The life of Johannes Joergensen

The poet Johannes Joergensen was born in Svendborg the 6th November 1866. At the age of 16 he went to Copenhagen to become a student which he was in 1884. A natural melancholic tendency and an early taste for the multiple faces and the beauty of nature impressed him throughout his life. In Copenhagen he developed radical sociopolitical views which soon led him to the circle of cultural radical artists where he became  known.


From his early years he showed a strong and sensitive liking for poetry through which he could express his dreams and emotional observations and for the rest of his life it remained his favourite way of expression. But, with his innate melancholic temperament he did not find a remaining place in the cultural radical materialism where Eros and enjoyment of life, summarized in a pantheistic worship of nature, was the order of the day. Therefore he and some like-minded began a search for a more spiritual based inspiration. That was the beginning of symbolism, where they in the periodical “Taarnet” tried new a unknown ways and expressed themselves in a metaphorical language which better mirrored the sensitivity and the temperament of Johannes Joergensen. As editor of “Taarnet” , he developed a polemic rhetoric which did not facilitate the battle for his ideas.

The symbolists soon provoked the ruling literary class centred around the brothers Brandes who did not spare the young rebels.



The acquaintance with the young Jew and silversmith Mogens Ballin who had converted to Catholicism became for Johannes Joergensen a turning point. He did not find in the symbolism the spiritual depth he looked for. From his childhood he had received a basic Christian belief which he never lost. It now returned with an urge to study Christian mysticism – but it was not an easy path. Long time and many internal struggles passed before he felt he had found his safe haven of spiritual safety and even then internal and external factors still tore him.


In 1894 he visited for the first time Assisi with Mogens Ballin. That was the beginning of what would become the predominant occupation for the rest of his life both as human being and as author – the love for saint Francis, the famous son of Assisi who was born there and who lived and worked there until he died in 1226. The close relationship with Mogens Ballin and the encounter with saint Francis at last triggered the change in his mind which in 1894 led to his conversion to Catholicism and became a fundamental turning point in his literary production.


In 1907 appeared his great biography on saint Francis, the book that would make him world-famous and which would make him honorary citizen both in Assisi and later in his native town of Svendborg. At long last, it seemed that he had found the way as author which his mind had searched for. The Franciscan spirituality came to be a predominant part of his conscience, to the extend that he settled down in Assisi in 1915. During the war in 1943-45 he moved to Vadstena in Sweden where he began his third big legend of saints which followed that of saint Catharina of Siena (1915).

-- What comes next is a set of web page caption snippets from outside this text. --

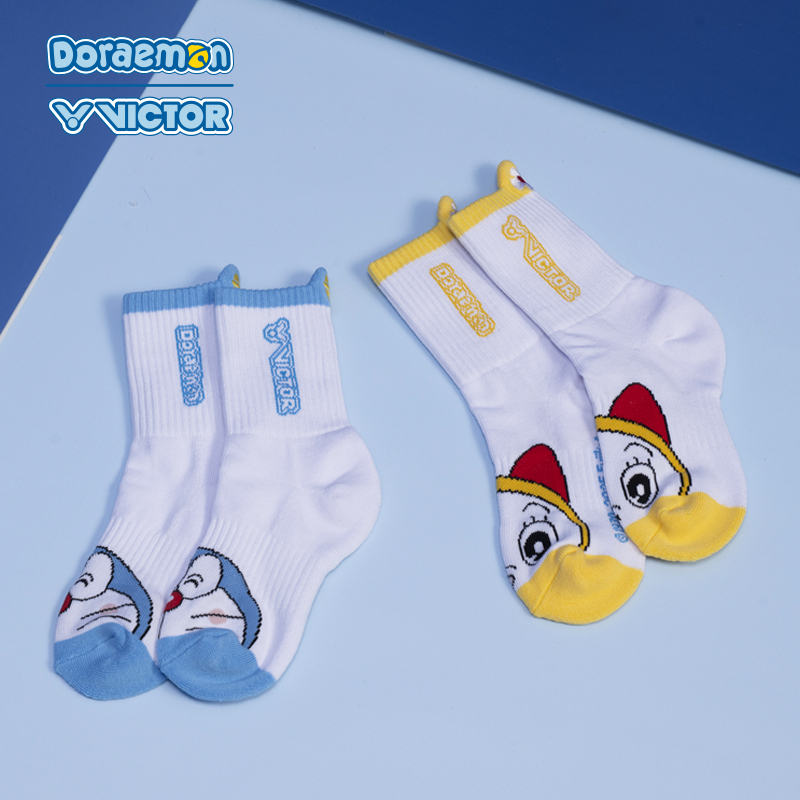 Victor X Doraemon JUNIOR Sports Socks SK517DRM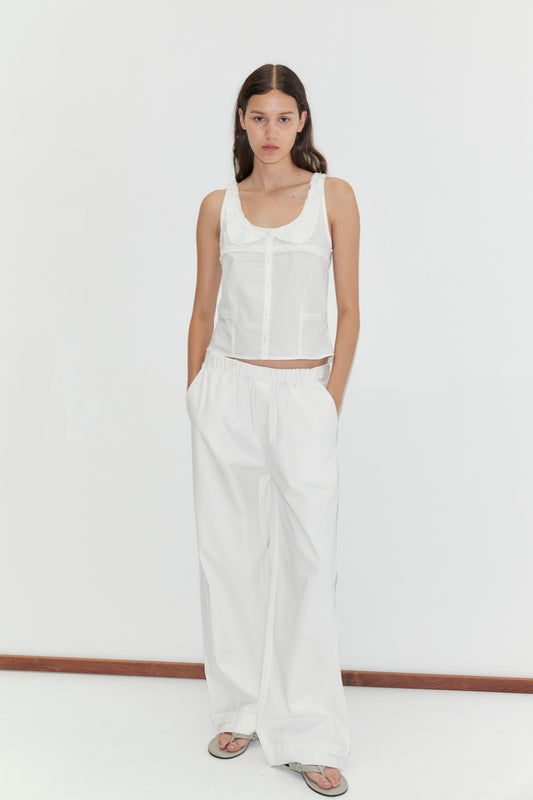 Frills Top - White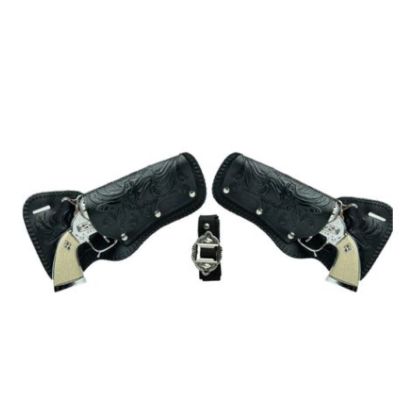 5510 Stagecoach Cowboy Toy Gun Double Holster Sets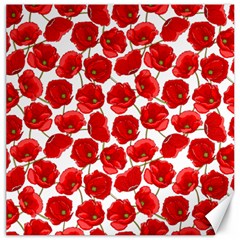 Flower Poppies Plant Petal Canvas 12  X 12 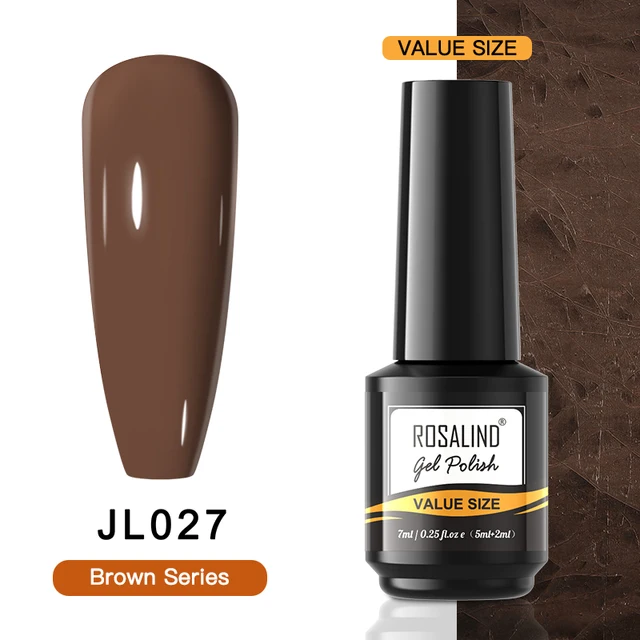 ROSALIND Gel Nail Polish Glitter Gel For Manicure Art Semi Permanent Hybrid Varnish Need UV LED Base Top Coat Nail Polish RAI-JL027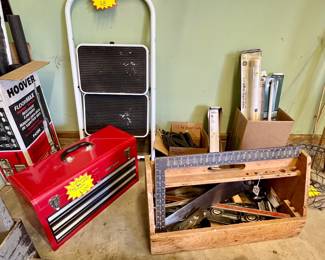 Craftsman Toolbox w/ Tools $100 - Handmade Wood Workers Tool Carrier w/Tools $75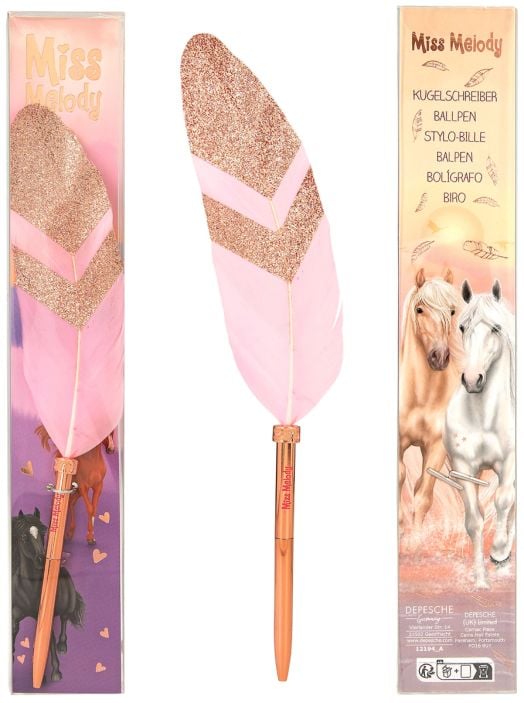 Химикалка с перо Top Model Miss Melody, асортимент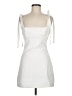 Zara 100% Polyester White Casual Dress Size M - photo 1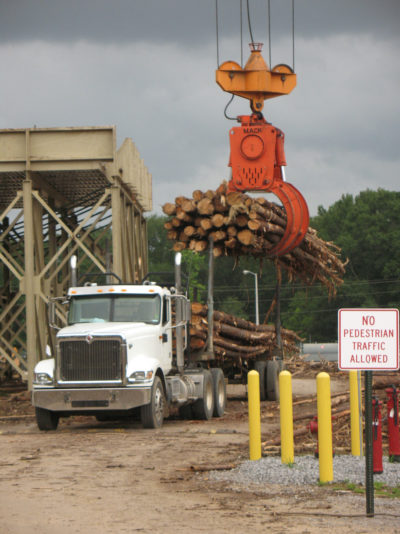 A U.S. timber processing plant that ships wood pellets to the Drax power station in Britain.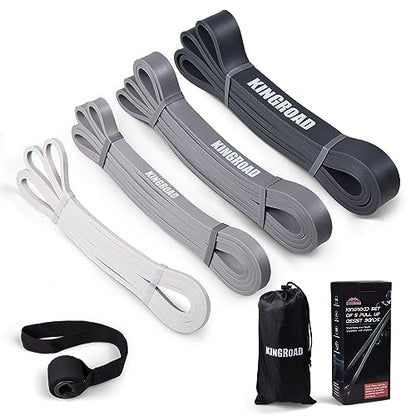 Resistance Band Pull Up Assistance Bands Sets Resistance Heavy Duty Exercise Stretch Fitness Bands for Stretching Power Lifting Workout Training with Instruction Guide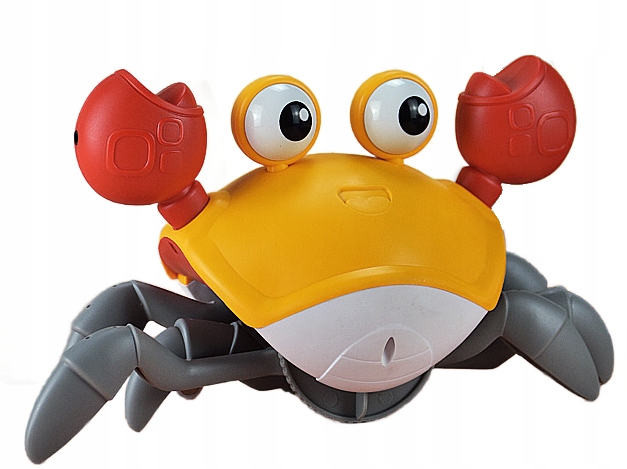 UCIEKAJĄCY PEŁZAJĄCY KRAB INTERAKTYWNA ZABAWKA DZWIĘKI GRA MUZYKA CHODZIK Marka inna
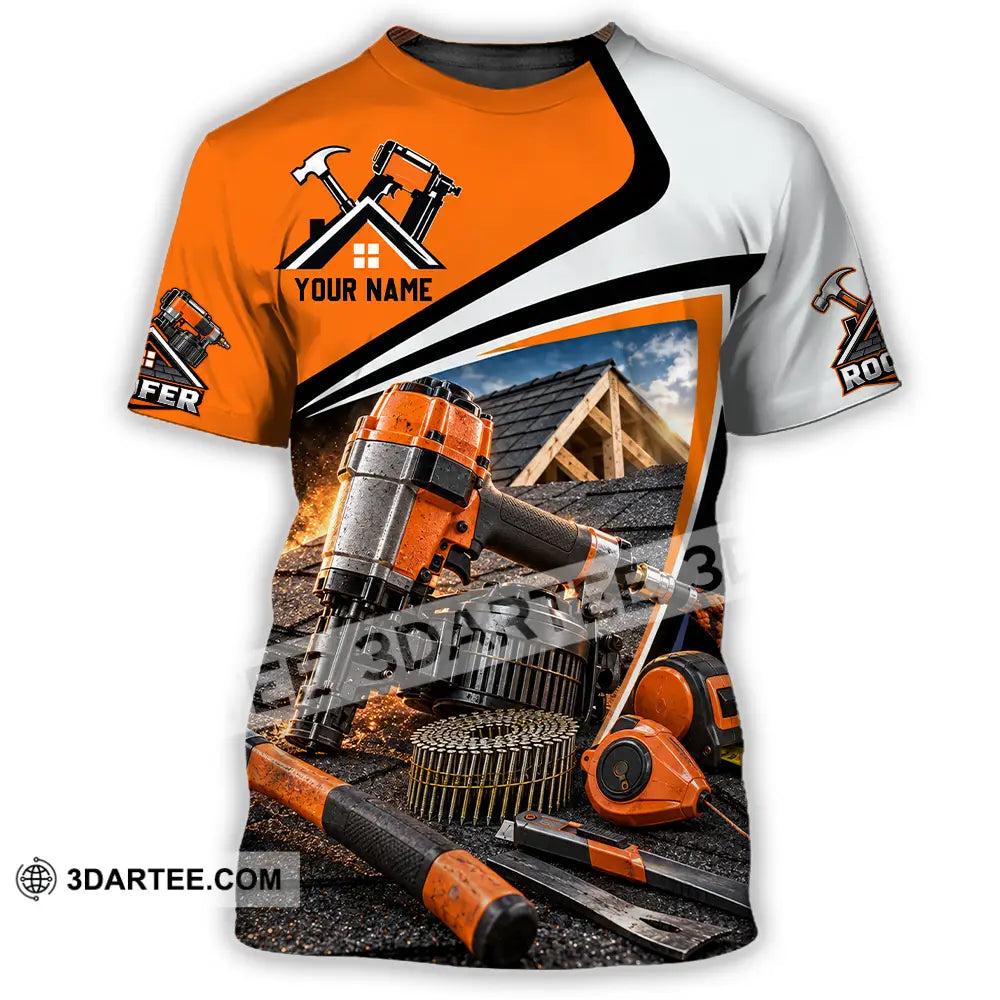 Unisex Shirt - Custom Roofer Shirt - T-Shirt / S - T-shirt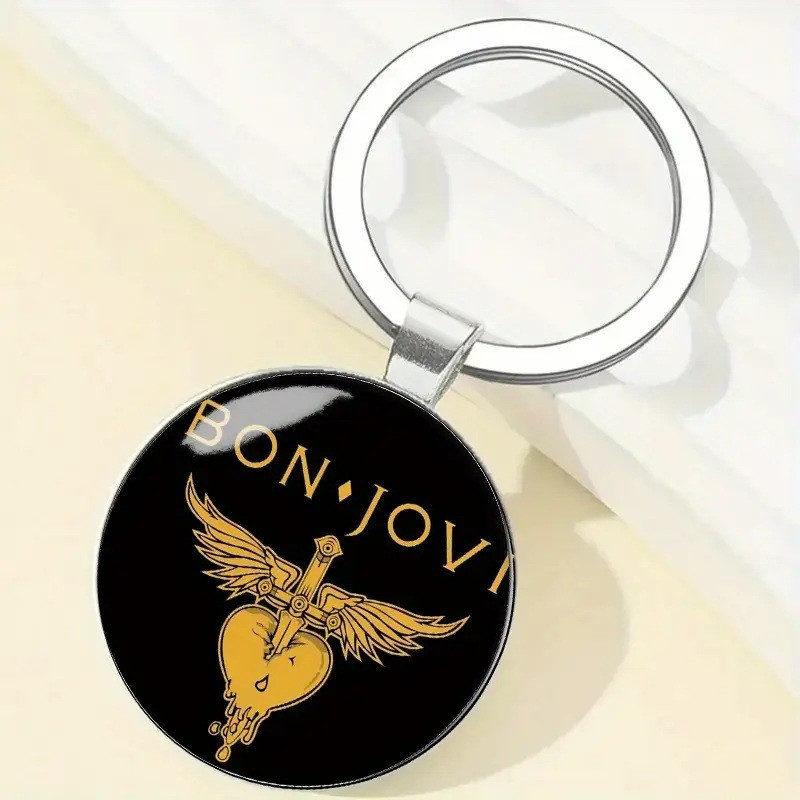 Bon Jovi Rockstil  Design Elegante Zink Legering Kuppel Nøglering / Vedhæng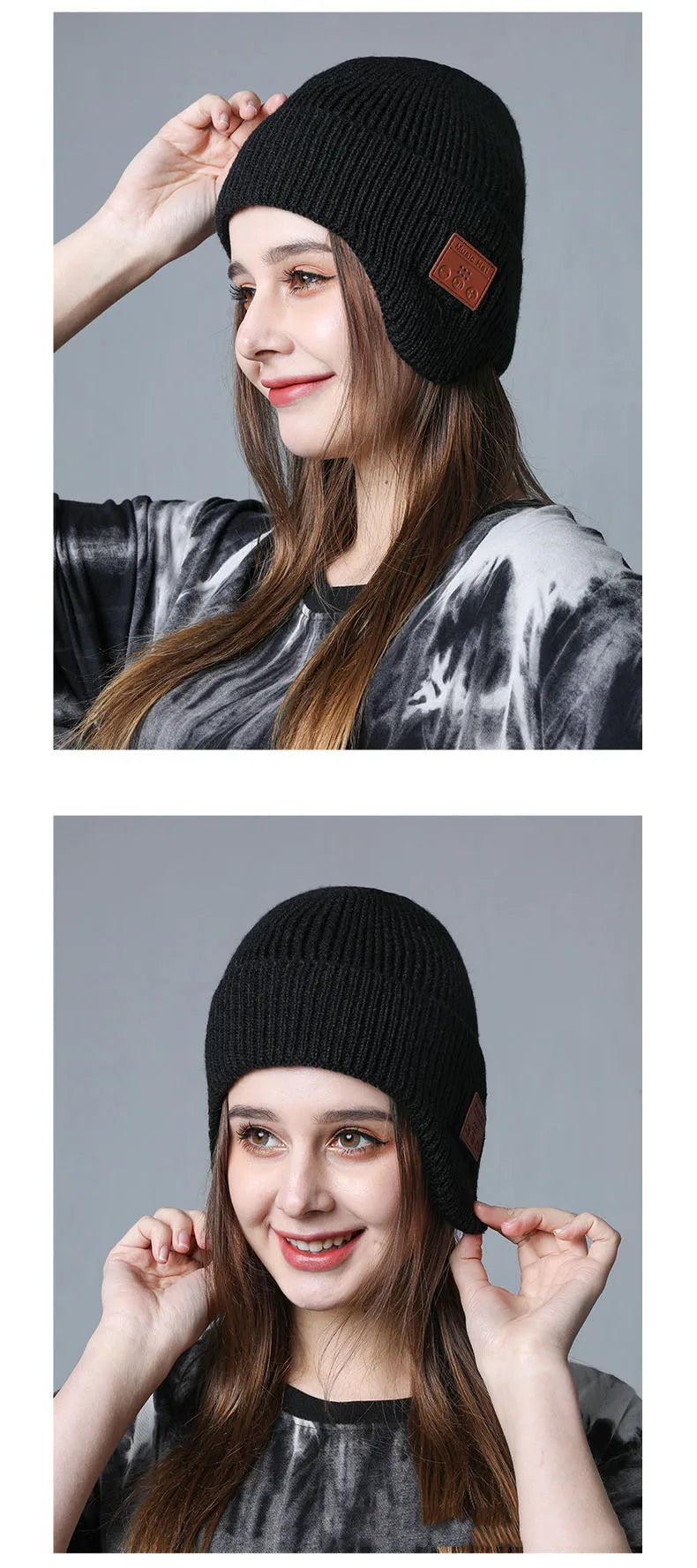 Winter LED Bluetooth Headphones Hat Outdoor Warm Stereo Music Headset Handsfree Call Rechargeable Earphone Washable Cap Gifts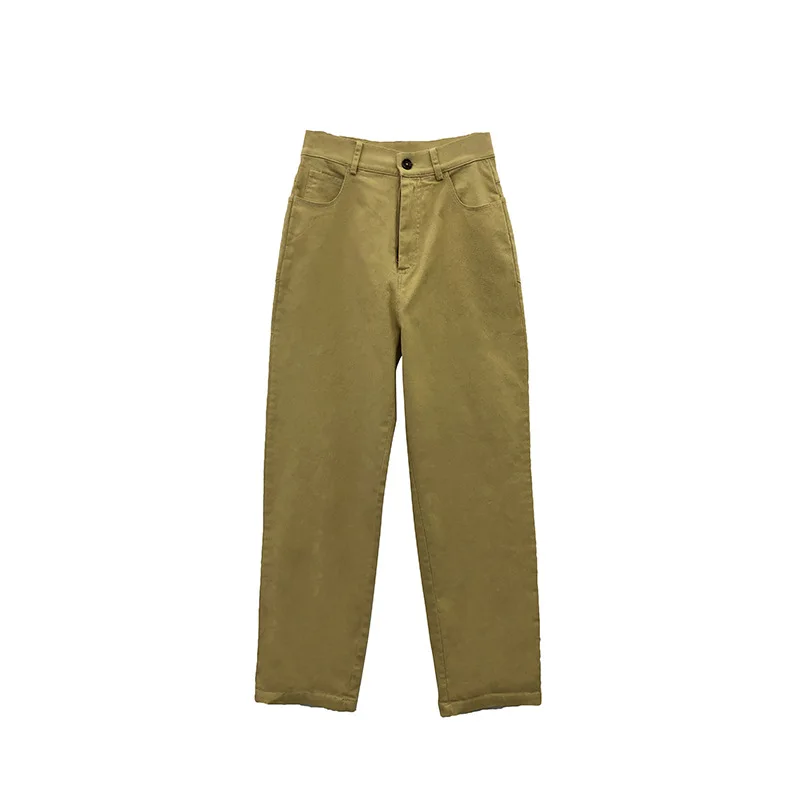 

Spring and autumn new pure color restoring ancient ways women's casual pants torre wide-legged pants pants nine points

His enthusiasm for the Franciscan spirit led to a number of books based on the Umbrien world where spirit and nature always formed a synthesis as a characteristic mark of his. The almost romantic relationship Johannes Joergensen throughout his whole life had to nature, to the seasons, to the flowers and to the life confirming multiplicity had, as mentioned, in his youth led to a pantheistic worship of nature. He never lost this relatedness to nature and everywhere he could go into vivid descriptions of nature. But in the description of the relationship saint Francis had to nature as the true picture of God, these two emotions – nature and God -fused. The god which in his youth was the human relationship to nature now became the truth of God.


The war ended, he returned to Assisi but age began to burden him. In 1952 he moved back to Svendborg where to City had offered him a honorary living in the house of his childhood in Fruestræde.

In 1913 he had left his wife, Amalie f. Ewald, and their 7 children after a more and more difficult marriage. As a catholic he could not remarry, but when Amalie died in 1935 he married (1937) the Austrian Helena Klein.

Johannes Joergensen died the 29 may 1956 at the age of 90 and was buried at the local cemetery.

It is difficult to describe the authorship of Johannes Joergensen narrowly. His lifelong search took him through many and long fightsbecause even being a faithful catholic and there having a firm standpoint he still fought many battles with himself – with his restless and melancholic self, which followed him from his childhood.


In spite of his Catholicism, his vivid ability of observation made him interesting far beyond the Catholic church. In his books of travel he can be compared to his Fionien congenial Hans Christian Andersen and not least his sublime sense of the language has made him loved by many. Though he is not too well known in Denmark his authorship is much more valued in foreign countries where only the works of Hans Christian Andersen has outnumbered his.

The poetry of Johannes Joergensen is perhaps what has given him the most admirers in his native country. Many read today his poetry on account of his beautiful language and his sense of nature.